Juan Gabriel Vásquez, presidente del jurado del Premio de Periodismo Simón Bolívar, reflexionó en la ceremonia de entrega de los galardones sobre la actualidad de un oficio que cuando se ejerce bien, “es incómodo”.

8 de noviembre de 2015 Por: Especial para GACETA

Juan Gabriel Vásquez, presidente del jurado del Premio de Periodismo Simón Bolívar, reflexionó en la ceremonia de entrega de los galardones sobre la actualidad de un oficio que cuando se ejerce bien, “es incómodo”.

Señoras, señores:

Desde el mes de febrero pasado, cuando me reuní por primera vez con los seis periodistas de este jurado de fantasía, hasta el martes reciente en que nos pusimos de acuerdo sobre el último de los premiados, he vivido con la convicción de que los organizadores del Premio Simón Bolívar nunca conocerán de verdad la extensión de mi gratitud.

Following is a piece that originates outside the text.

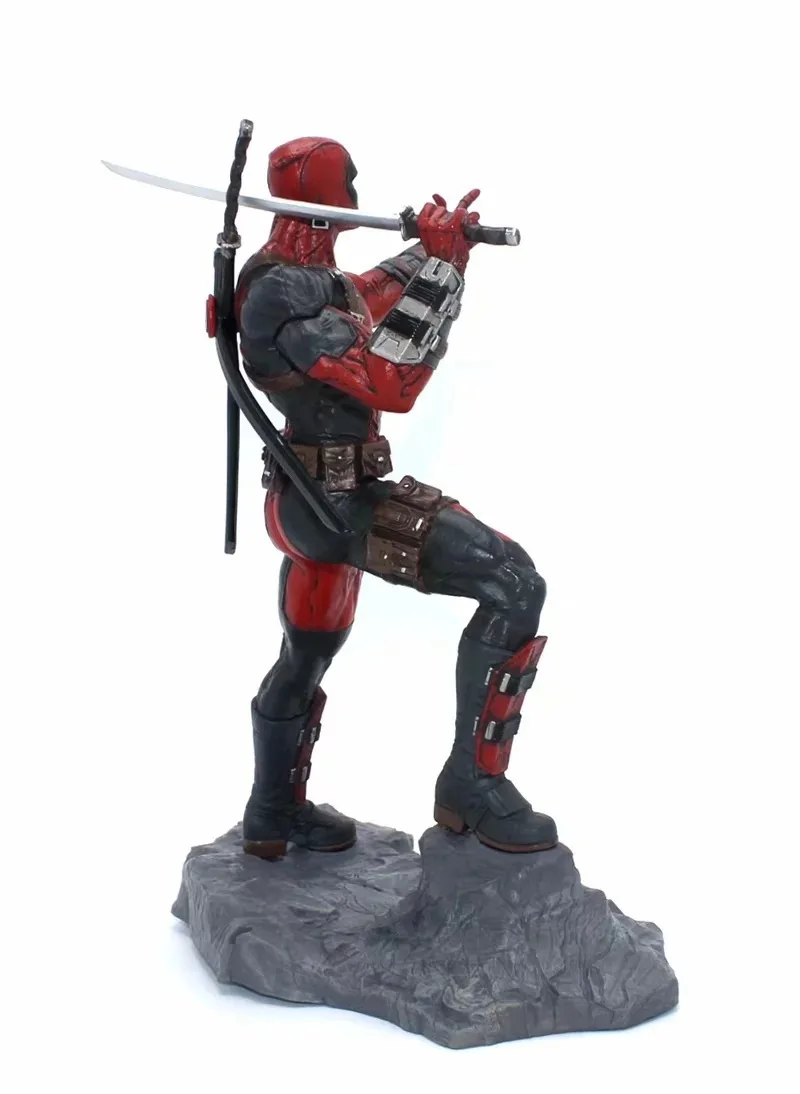 Диффузный динамический квадратный аниме X-men 1/6 статуя Дэдпула DST Галерея высокого класса украшения в штучной упаковке гаражный комплект модель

Durante los últimos meses he asistido al mejor periodismo que se ha hecho en mi país —en radio y televisión, en prensa y fotografía y caricaturas—, y de esa experiencia me ha quedado una certeza tan iluminadora como preocupante: lo poco que sabemos de este país nuestro, incluso quienes nos consideramos, como me considero yo, ciudadanos bien informados. Mi país es ahora más impredecible que antes, más diverso y mucho más extenso, lleno de rincones donde ocurren crueldades que pocos conocen y donde la gente sufre a escondidas, pero es también un lugar donde todos los días hay un acto de heroísmo o simple resistencia, de paciencia ejemplar o terquedad o admirable tesón ante los embates de nuestras violencias camaleónicas.

Y en estos meses he pensado, sólo medio en broma, que no estaría mal invitar a nuestros políticos a que sean jurados del Premio Simón Bolívar, a ver si se enteran, de una vez por todas, del país en que estamos viviendo; a ver si terminamos, de una vez por todas, esta guerra que para muchos vale la pena pelear siempre que siga ocurriendo lejos, siempre que siga ocurriéndoles a otros.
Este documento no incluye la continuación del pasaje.